Taking over the Council of the EU for the second time since it joined the European Union 18 years ago, the Czech Republic has presented its priorities for the six months to come. The presidency will focus its efforts on the war in Ukraine and the reconstruction of the country, energy security, and resilience of EU institutions and economies. The Czech Presidency’s top priority for culture is the adoption of the four-year EU Work Plan for Culture 2023-2026, which serves as a roadmap for the coordination of national cultural policies across the bloc. The Work Plan is expected to be adopted at the end of November 2022.
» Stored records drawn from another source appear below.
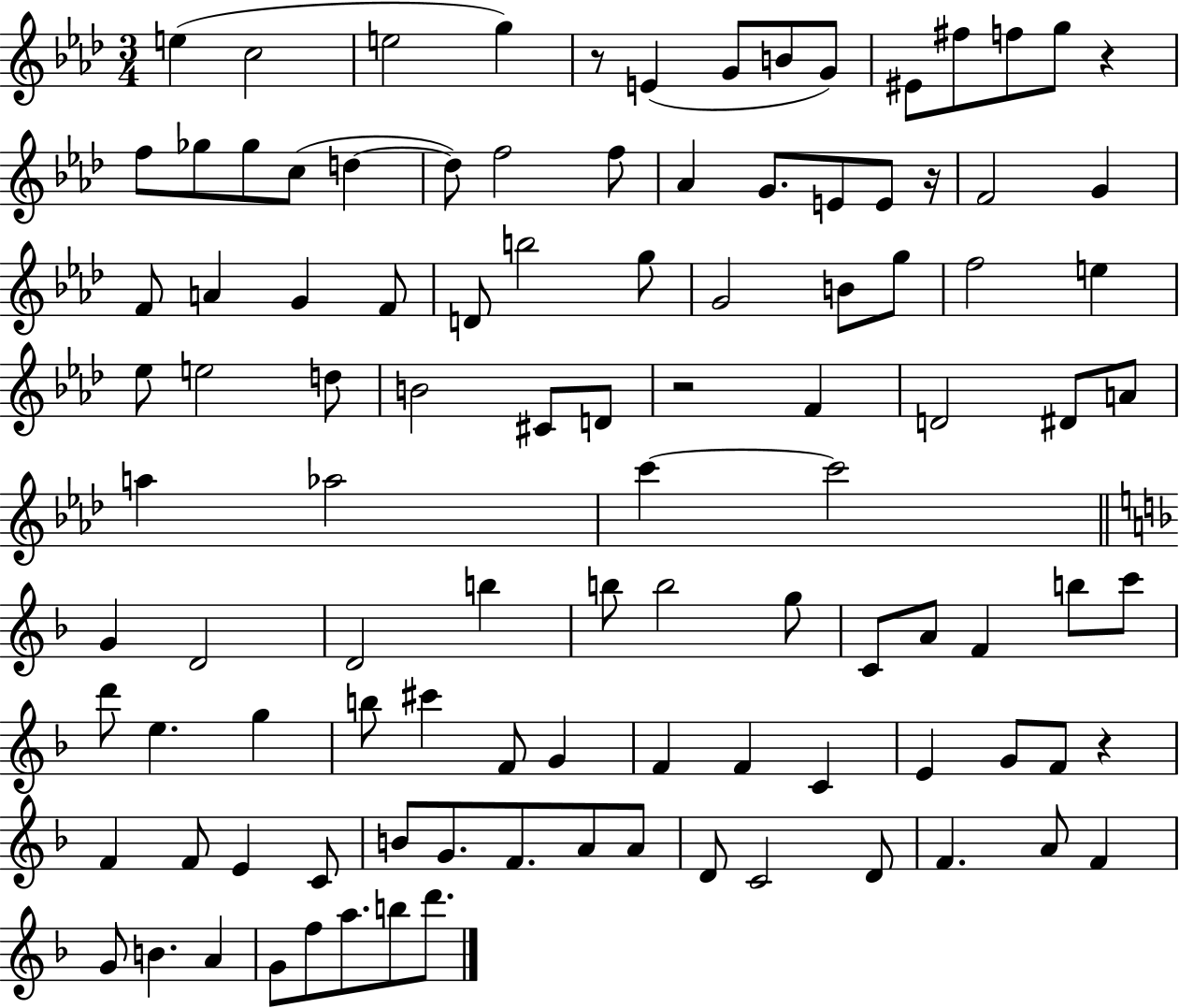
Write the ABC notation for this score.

X:1
T:Untitled
M:3/4
L:1/4
K:Ab
e c2 e2 g z/2 E G/2 B/2 G/2 ^E/2 ^f/2 f/2 g/2 z f/2 _g/2 _g/2 c/2 d d/2 f2 f/2 _A G/2 E/2 E/2 z/4 F2 G F/2 A G F/2 D/2 b2 g/2 G2 B/2 g/2 f2 e _e/2 e2 d/2 B2 ^C/2 D/2 z2 F D2 ^D/2 A/2 a _a2 c' c'2 G D2 D2 b b/2 b2 g/2 C/2 A/2 F b/2 c'/2 d'/2 e g b/2 ^c' F/2 G F F C E G/2 F/2 z F F/2 E C/2 B/2 G/2 F/2 A/2 A/2 D/2 C2 D/2 F A/2 F G/2 B A G/2 f/2 a/2 b/2 d'/2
According to the Culture Action Europe’s publication “Culture in the EU’s National Recovery and Resilience Plans”, the Czech Republic is one of the few countries that adopted the Status of the Artist as a reform under its National Recovery and Resilience Plan (NRRP), including investments for culture equal to around 4% of the overall envelope (taking into account both EU funds and national co-fundings). As a follow-up to the recommendations made in the framework of the Conference on the Future of Europe, which called for better working conditions for artists, the Presidency will pay special attention to the topic’s advancement.
In the months to come, the Committee on Cultural Affairs (CAC) of the Council will also focus on the New European Bauhaus (NEB) as well as protecting cultural heritage and the development of the youth in the field of culture, as 2022 is the European Year of Youth. In a hearing before the CULT Committee of the European Parliament on 13 July, the Czech Minister for Culture, Martin Baxa, explained the Presidency’s priorities and, answering a question, also took the commitment to securing extra funds for Creative Europe.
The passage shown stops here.